Le déplaisir en famille

Crépuscule à Tokyo

Yasujiro Ozu – 1957

 

Pour celui qui s’imagine que les films d’Ozu sont tous les mêmes en ce qu’ils exaltent la cellule familiale et qu’ils sont pétris de bons sentiments, le visionnage de Crépuscule à Tokyo a de quoi surprendre. Et en même temps pas tant que cela puisque le titre annonce la couleur.

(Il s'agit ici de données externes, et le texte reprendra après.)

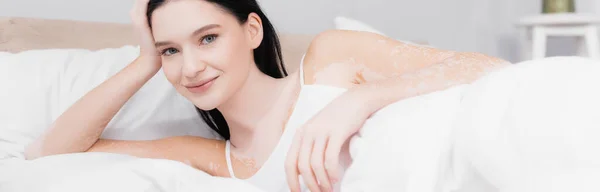 Smiling young woman with vitiligo resting and looking at camera in bedroom, banner — Stock Photo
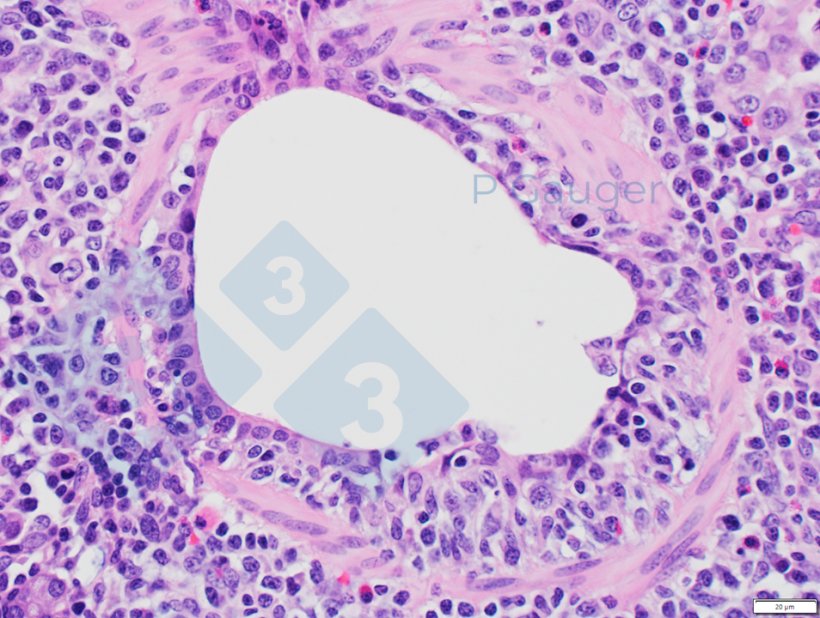 Figura 4: Histopatologia pulmonar mostrando adelga&ccedil;amento do epit&eacute;lio bronquiolar, que &eacute; um exemplo de necrose. (Fonte da foto: Phil Gauger ISUVDL).
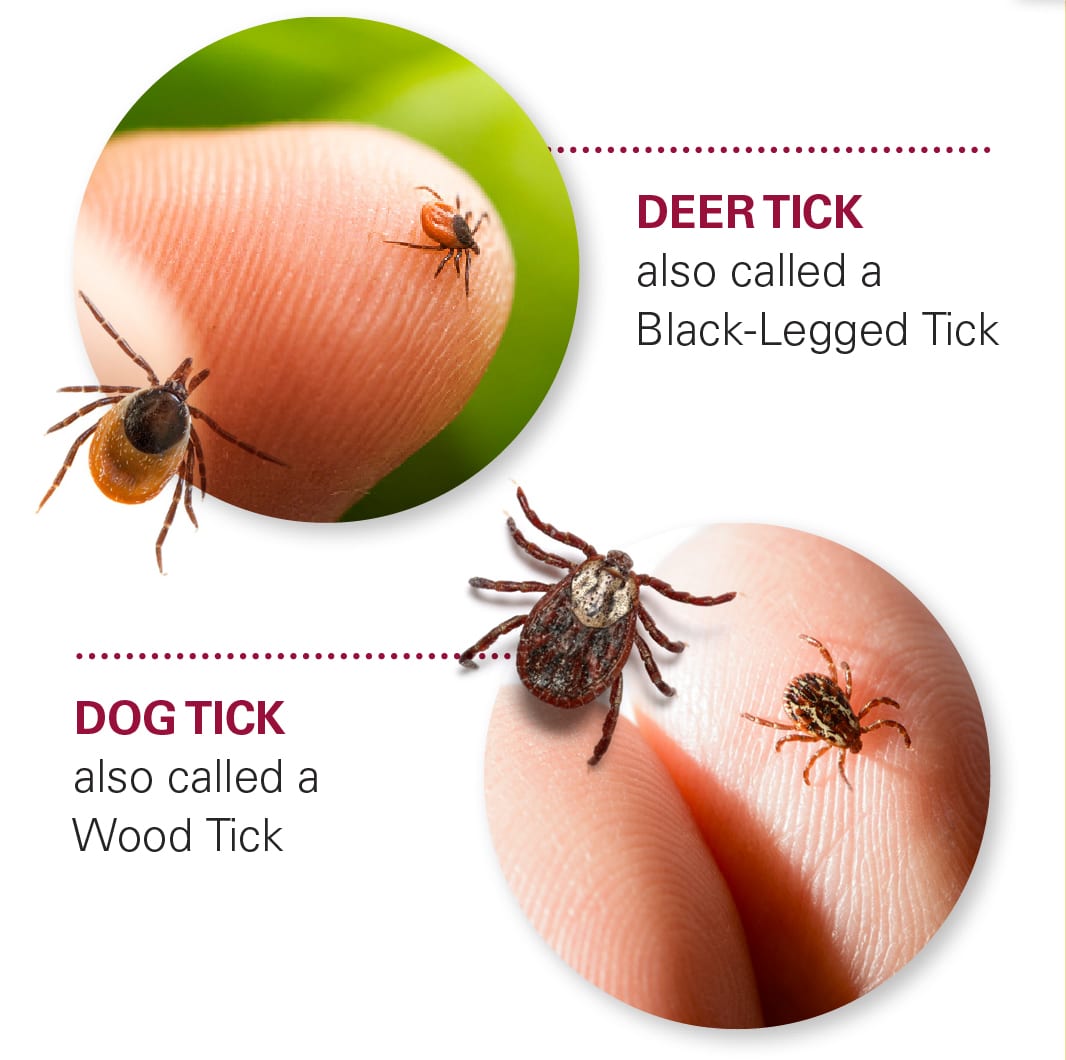 DFD's Guide to Ticks DFD Russell Medical Centers DFD Russell Medical Centers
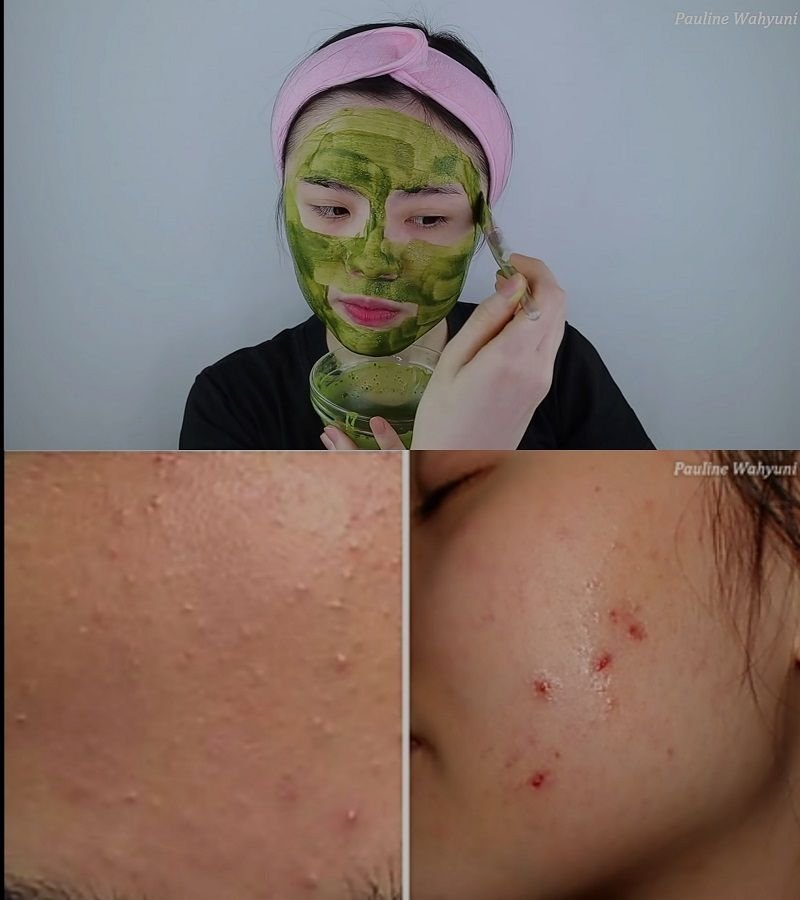 Jarang Ada yang Tahu Kandungan Masker Greentea dan Madu Mampu Hilangkan Jerawat dan Bruntusan Pada Wajah 1 Jarang Ada yang Tahu Kandungan Masker Greentea dan Madu Mampu Hilangkan Jerawat dan Bruntusan Pada Wajah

Car ce Tokyo de 1957 est effectivement bien crépusculaire dans le petit échantillon d’humanité qu’il nous propose et pour lequel on serait bien en peine de trouver un spécimen pleinement lumineux. Précisons ici que l’histoire est centrée sur deux sœurs. L’une, la sœur aînée, Takako, fuit son mari violent et alcoolique ; elle a décidé d’habiter avec sa petite fille chez son père (évidemment joué par Ryu Chishu). L’autre, Akiko, a été mise enceinte par son amant, amant qui fait tout depuis pour l’éviter. À cela s’ajoute le fait que leur mère les a autrefois abandonnées et que le hasard a permis une rencontre entre elle et Akiko. Rencontre qui ne se passe pas très bien : alors qu’Akiko est allée voir en secret une clinique pour se faire avorter, la jeune femme se dit que du sang mauvais coule en elle, sang qu’elle tient forcément de sa mère et que son père n’est pas celui qu’elle croit.

Tout le long du film, forcément, on a de la peine pour Akiko (Takako, jouée par Satsuko Hara, semblant plus solide et davantage armée pour surmonter son sort ; elle est surtout accompagnée d’une adorable petite fille de deux ans qui lui permet d’adoucir son sort) et on espère que la jeune fille saura au moins opérer une réconciliation, d’abord avec elle-même, ensuite avec son petit-ami (même si on comprend assez rapidement le genre de connard il est), son propre père (père ici loin d’être aussi indulgent que le père joué par Chishu dans Voyage à Tokyo : il est très autoritaire, peu compréhensif et soucieux du qu’en dira-t-on), enfin avec sa propre mère. Car on a aussi de la peine pour cette femme qui a abandonné ses enfants, certes, mais pas totalement non plus puisqu’elle a laissé ses filles sous la garde d’un père dont la bonne situation leur permettait de suivre une bonne éducation. Mère en tout cas très curieuse et heureuse de retrouver ses filles, mère qui semble être en vérité une bonne femme. Eh bien cette mère sera méprisée de manière égale par les deux filles et cela m’a paru surprenant. Voir le personnage de la sœur aînée, sœur attentive aux malheurs d’Akiko, sœur intelligente pleine de compassion, qui plus est avec le lumineux physique de Setsuko Hara, eh bien voir cette sœur se montrer odieuse envers cette mère peut sembler incompréhensible.

Akiko en train de parler à sa mère. Le masque indique que cette dernière est probablement perçue comme une pestiférée.

Mais voilà, incompréhensible pour qui ? Pour le spectateur occidental de 2024 ? Ou également pour le spectateur japonais de 1957 ? S’il ne fait aucun doute que se retrouver enceinte pour une jeune Japonaise de l’époque alors qu’elle n’est pas mariée représente une tache, une honte absolue, je me suis demandé ce qu’Ozu a voulu entreprendre avec ce personnage de la mère jouée par Isuzu Yamada et comment ses premiers spectateurs l’ont perçue. Comme une mauvaise femme ? ou bien comme une femme ayant commis une faute mais pour laquelle l’eau a eu le temps de couleur sous les ponts ? Surtout, quand on voit le père un rien cassant joué par Chishu, et quand on le compare avec l’homme moins fortuné mais plus coulant avec lequel elle partage sa vie, on se dit qu’elle avait finalement toutes ses raisons de quitter sa maison.

Dans tous les cas, pas un seul personnage n’échappe à la grisaille crépusculaire de Tokyo (même le personnage enjoué de la tante, interprété par Haruko Sugimura, est malheureux puisque son bavardage est suivi de conséquences qui ne permettent pas d’améliorer la situation) et ce ne sont pas les cinq dernières minutes, pourvoyeuses d’un désolant coup de théâtre, qui permettent d’y remédier.

Détail ironique : Isuzu Yamada et Ryu Chishu ont déjà joué un couple, mais sous la caméra de Noboru Nakamura. Le film s’intitule Le Plaisir en famille. Crépuscule à Tokyo aurait pu s’intituler, lui, Le Déplaisir en famille. Sans doute le film le plus sombre de la filmographie d’Ozu.